Heading Down the Wrong Path
I have been a big proponent of higher quality digital audio having used converters that output more than 16-bits and recorders that store more than a 16-bit word for some years now. I think anyone would agree, as the word length increases the quality improves. However the audible increase in quality from 16 to 20 bits is greater than the increase from 20 to 24 bits. And as you raise the sample rate the quality increases as well, also at a disproportional rate. That is, going from 44.1kHz to say 50kHz can be a bigger quality improvement than going from 50kHz to 96kHz.
Having worked with many high density PCM formats I consistently come away from projects or listening tests not totally satisfied. When compared to an analog mic feed or the buss of a really good analog mixer there is something that just isn’t right regardless of the sample rate or word length. Having said that, I am coming to the conclusion that PCM is fundamentally flawed. Defining what is wrong is not an easy task but I have to think that is has at least in part to do with the alignment of fundamental frequencies with their associated harmonics. It is fairly well known that antialiasing or brick wall filters have lots of phase shift. This results in timing or phase errors in the audio pass band and consequently have an effect on high frequency harmonics of both natural sounds and musical instruments. Raising the sampling rate and moving the corner frequencies of these filters upward is definitely a step in the right direction but does not eliminate the problem. The very fact that many artist producers and engineers still prefer to record to analog tape with all of it’s problems and compromises reinforces my belief that something is inherently wrong with PCM.
One Bit to the Rescue
Several years ago Sony engineers began exploring ways of archiving the vast quantity of deteriorating masters in vaults of the record labels. Many of these masters are historical treasures and are literally falling apart. Consequently the goals were to transfer these aging masters to a format that was more stable and be able to easily convert at a later time to almost any new release format not yet defined. Of primary importance was to come up with a technique that could preserve without adding or taking away from the original sound. This made it necessary to think somewhat from scratch since PCM did not satisfy some of the goals.
One bit recording technology has been around for a while but has never made it to market as a product for some reason. Direct Stream Digital (DSD) is a new name for one bit or bit stream coined by both Philips and Sony. In fact in some ways it is a bit (can’t help these puns) like going part way back to analog. There are no decimation filters or defining of word length or any interpolation filters for that matter. The process is a bit stream representation of the analog wave form thereby making a much closer resemblance of the input.
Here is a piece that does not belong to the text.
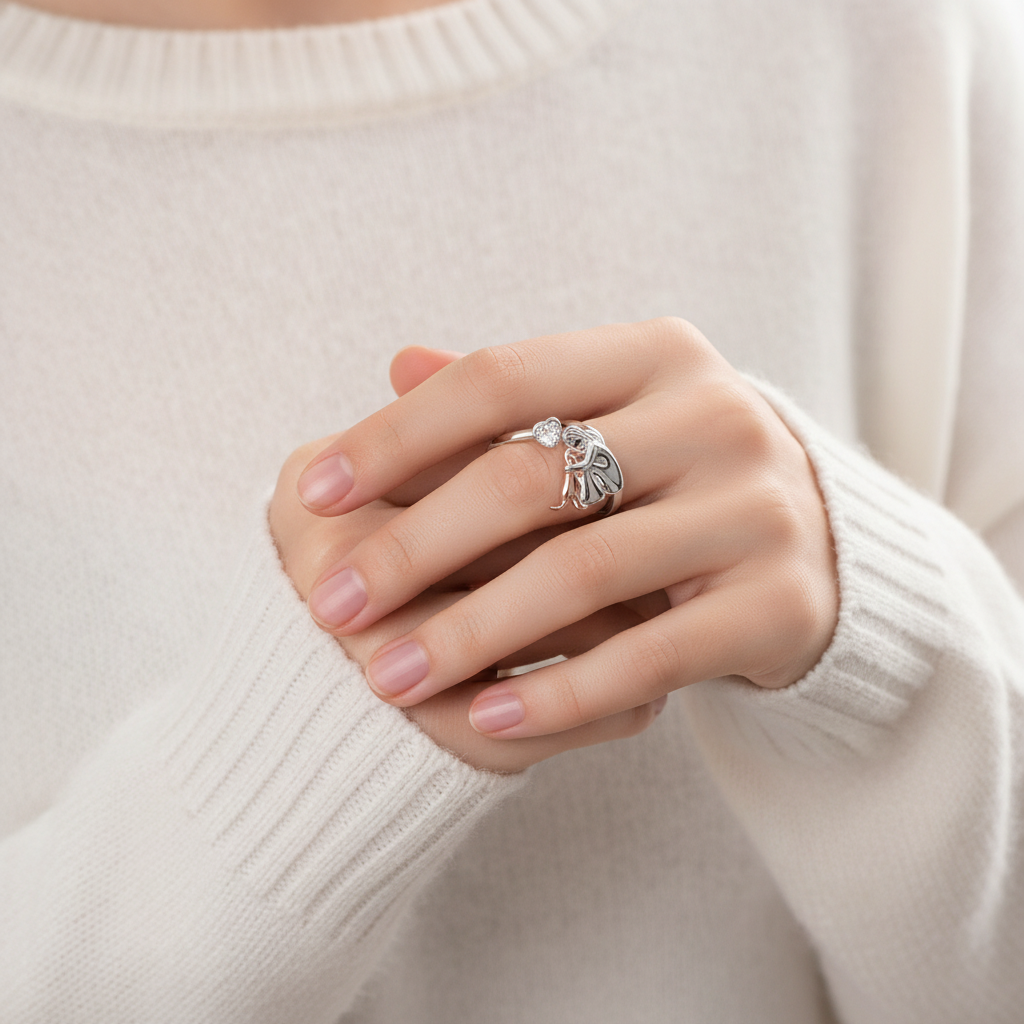 Evelyn – Sterling Silver Adjustable Dog Ring with Gemstone Accent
The current version of DSD has a sample rate of 2.8224MHz (which is 64 times 44.1kHz). this frequency was logically chosen so that a simple down conversion to either 88.2kHz or 44.1kHz could be made. Sony has also developed a new super down converter called SBM Direct, not to be confused with Sony’s Super Bit Mapping. I have personally used this device in the mastering of my DSD original recordings and find it amazing that a good part of the wonderful sonic picture of pure DSD can be realized in a 16-bit/44.1 package.
There are approximately 650 million CD players in homes around the world. It makes a lot more sense to me to continue working to make the current CD sound better with new pro audio tools while not rushing into a new consumer format that still has inherent limitations.
Next it’s off to Sweden to record the Stockholm Jazz Orchestra in DSD surround sound. This project marks the seventh album for me using DSD. Any one want to buy some slightly used PCM gear?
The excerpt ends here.